Start of Recorded information

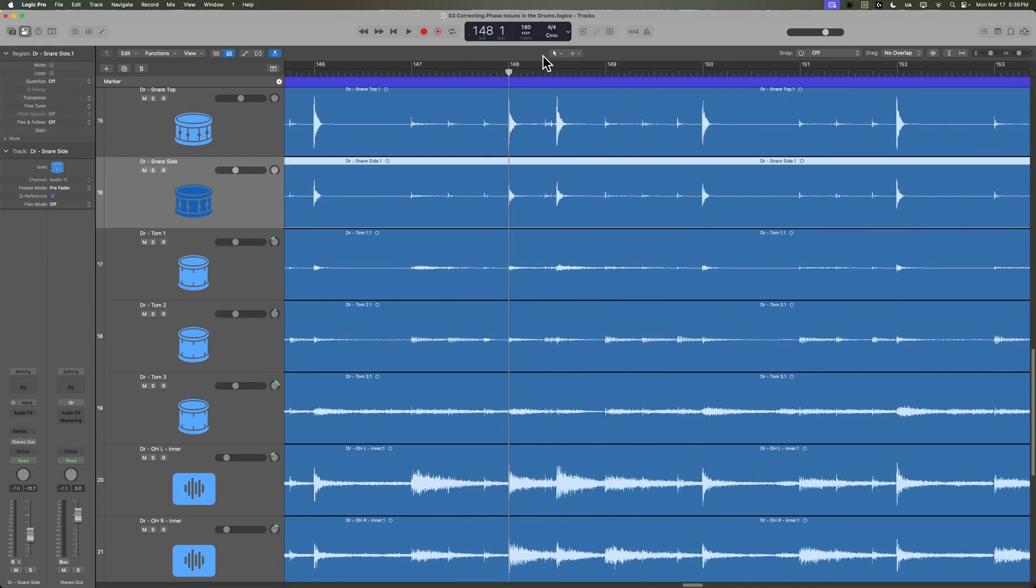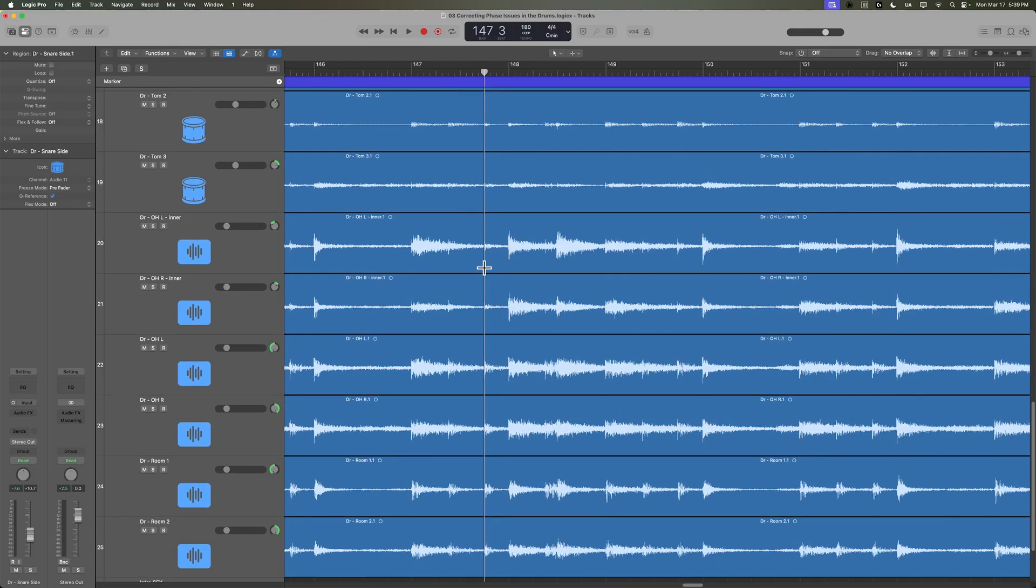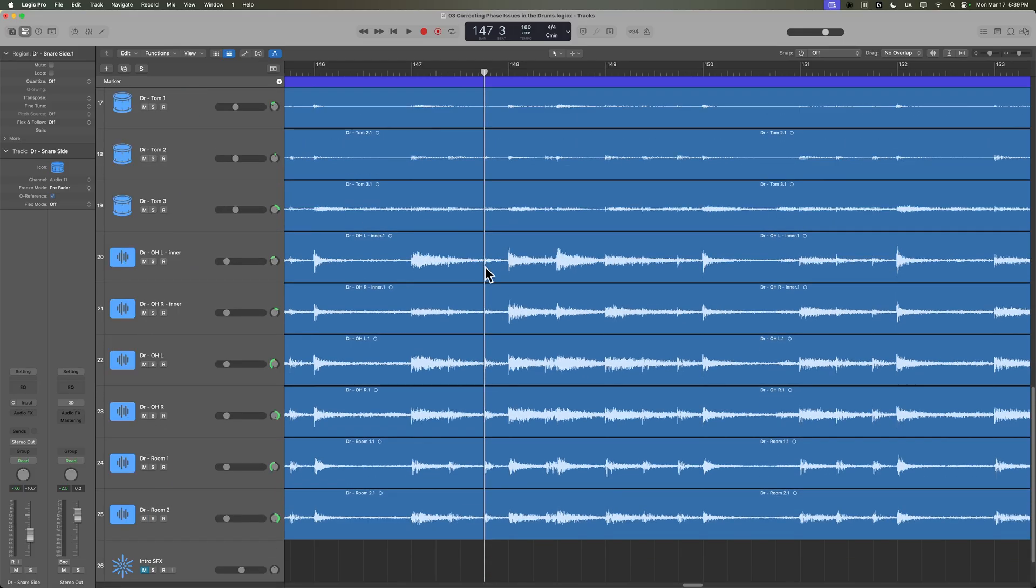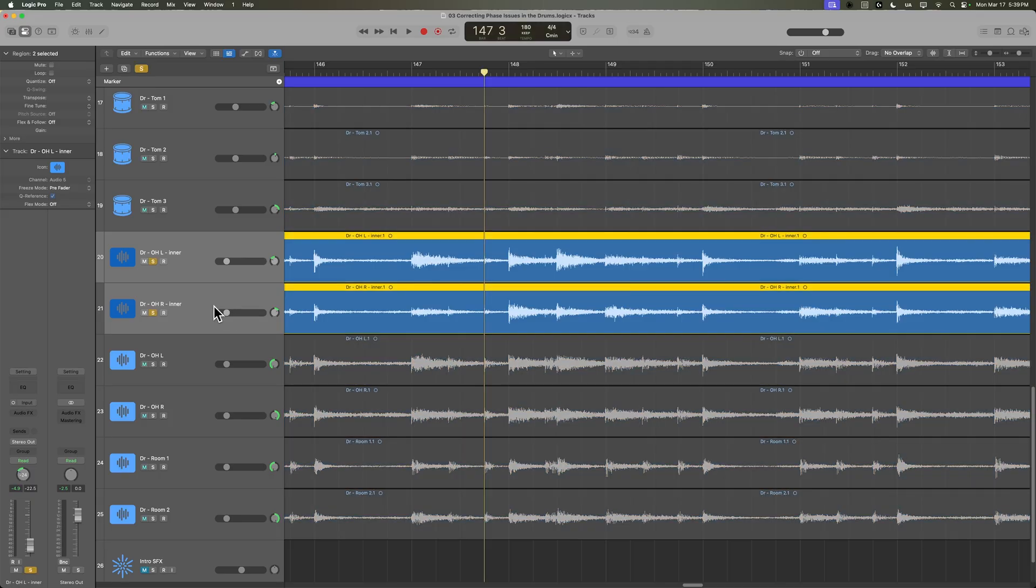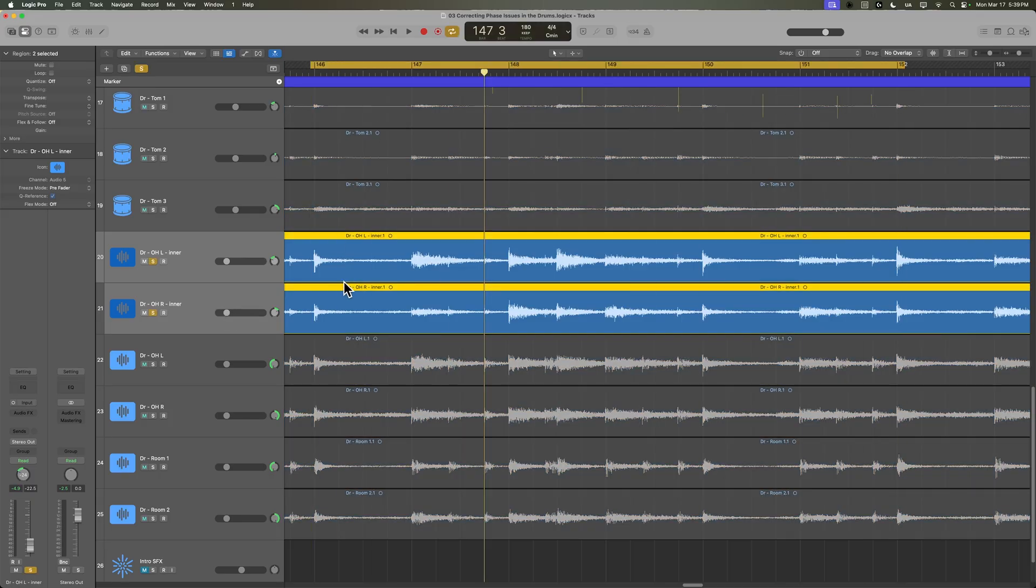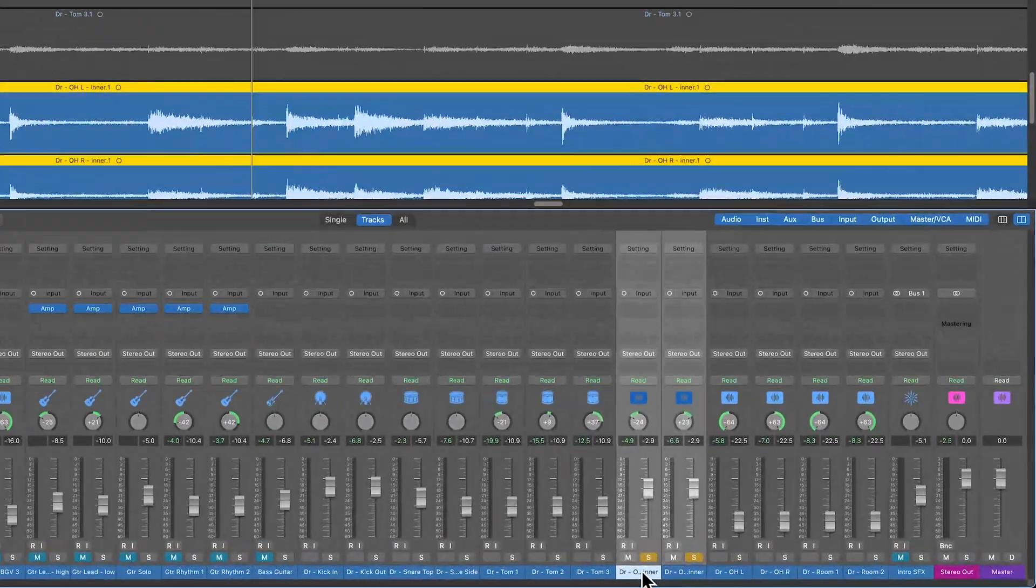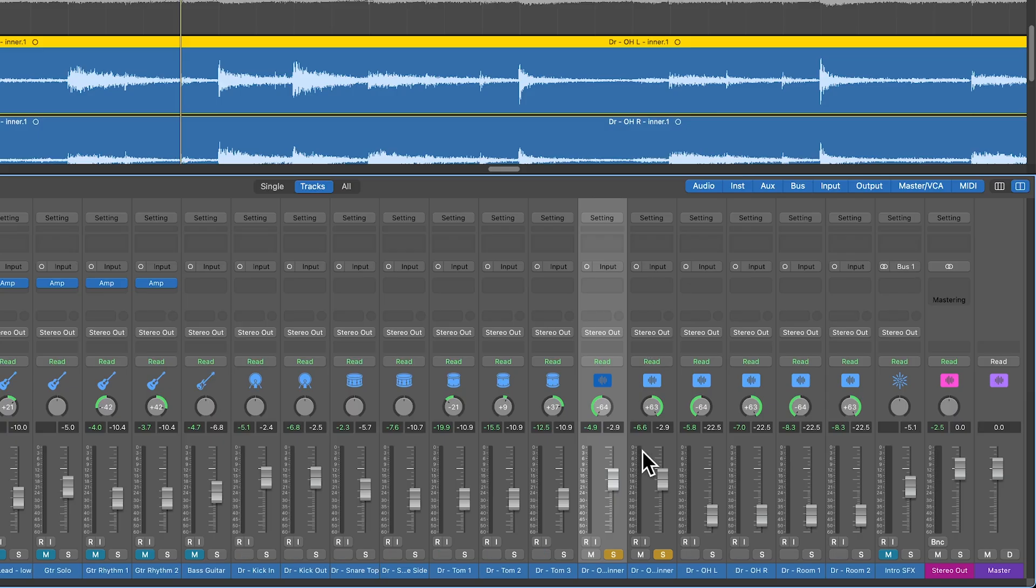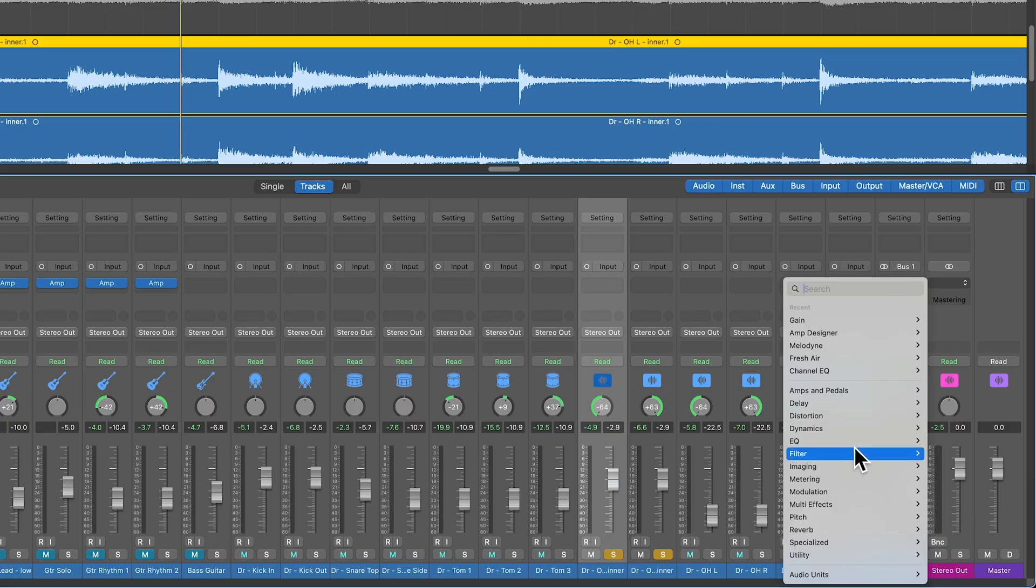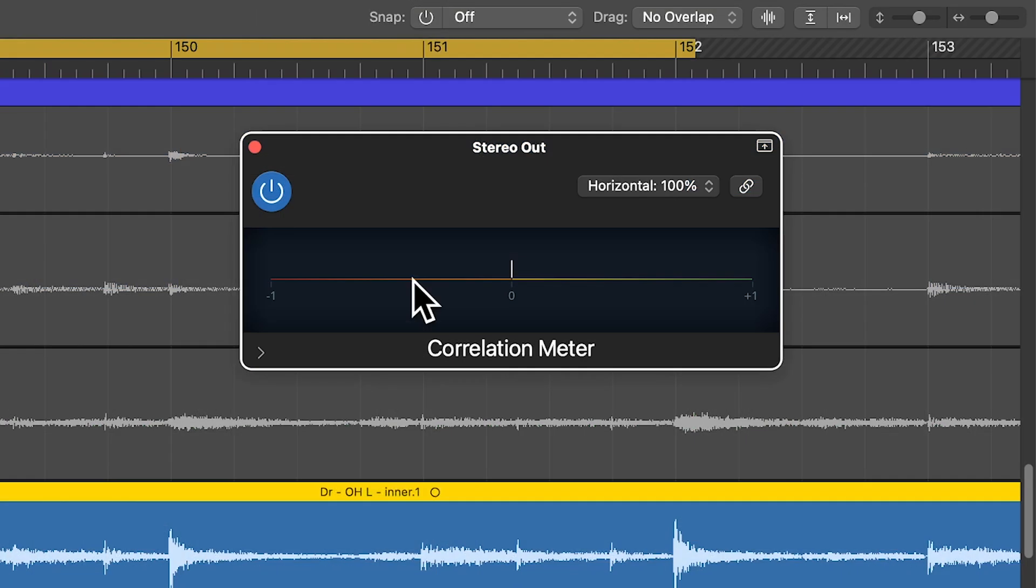Let's go over to a section where there's a lot of cymbals and stuff. Let's come over here somewhere and zoom in here. And what we're going to do is we're also going to check the phase of the pairs of overheads, and then we're going to check the phase of all of the overheads together. Now, a way to do this is to solo a pair of overheads, and then I'm just going to bring these up to a little bit louder level. And then you're going to hard pan these, even if you're not going to make them hard panned in the mix, go ahead and hard pan them. And then on your stereo output here, you're going to add a plugin under metering. This is called the correlation meter.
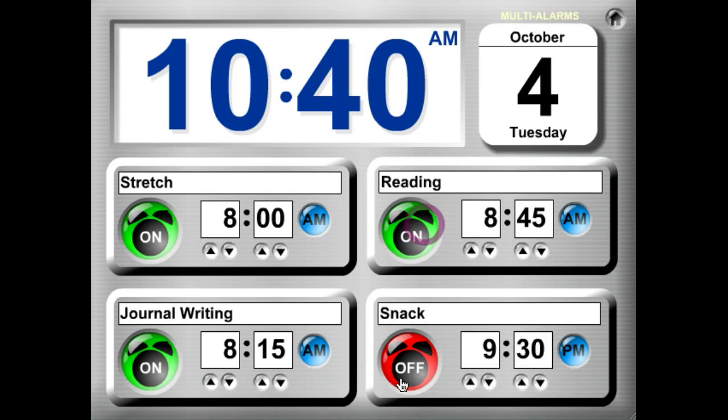We'll turn all these alarms on and we have a nice scheduled time where we have the alarms going off at these various points in the day.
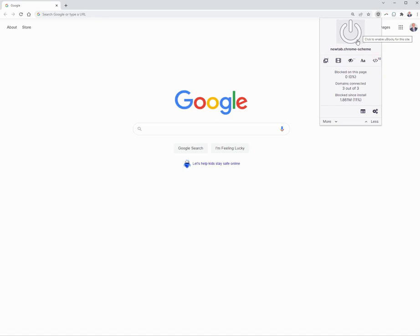Most compromise has come from email. The second most common way is through browsing a bad website. And one of the things that uBlock Origin is actually very good at is blocking this content and preventing it.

End of Recorded information

Task details. Write the listing above out again exactly, dropping each image.

Solution for this problem.
Let's go over to a section where there's a lot of cymbals and stuff. Let's come over here somewhere and zoom in here. And what we're going to do is we're also going to check the phase of the pairs of overheads, and then we're going to check the phase of all of the overheads together. Now, a way to do this is to solo a pair of overheads, and then I'm just going to bring these up to a little bit louder level. And then you're going to hard pan these, even if you're not going to make them hard panned in the mix, go ahead and hard pan them. And then on your stereo output here, you're going to add a plugin under metering. This is called the correlation meter.
We'll turn all these alarms on and we have a nice scheduled time where we have the alarms going off at these various points in the day.
Most compromise has come from email. The second most common way is through browsing a bad website. And one of the things that uBlock Origin is actually very good at is blocking this content and preventing it.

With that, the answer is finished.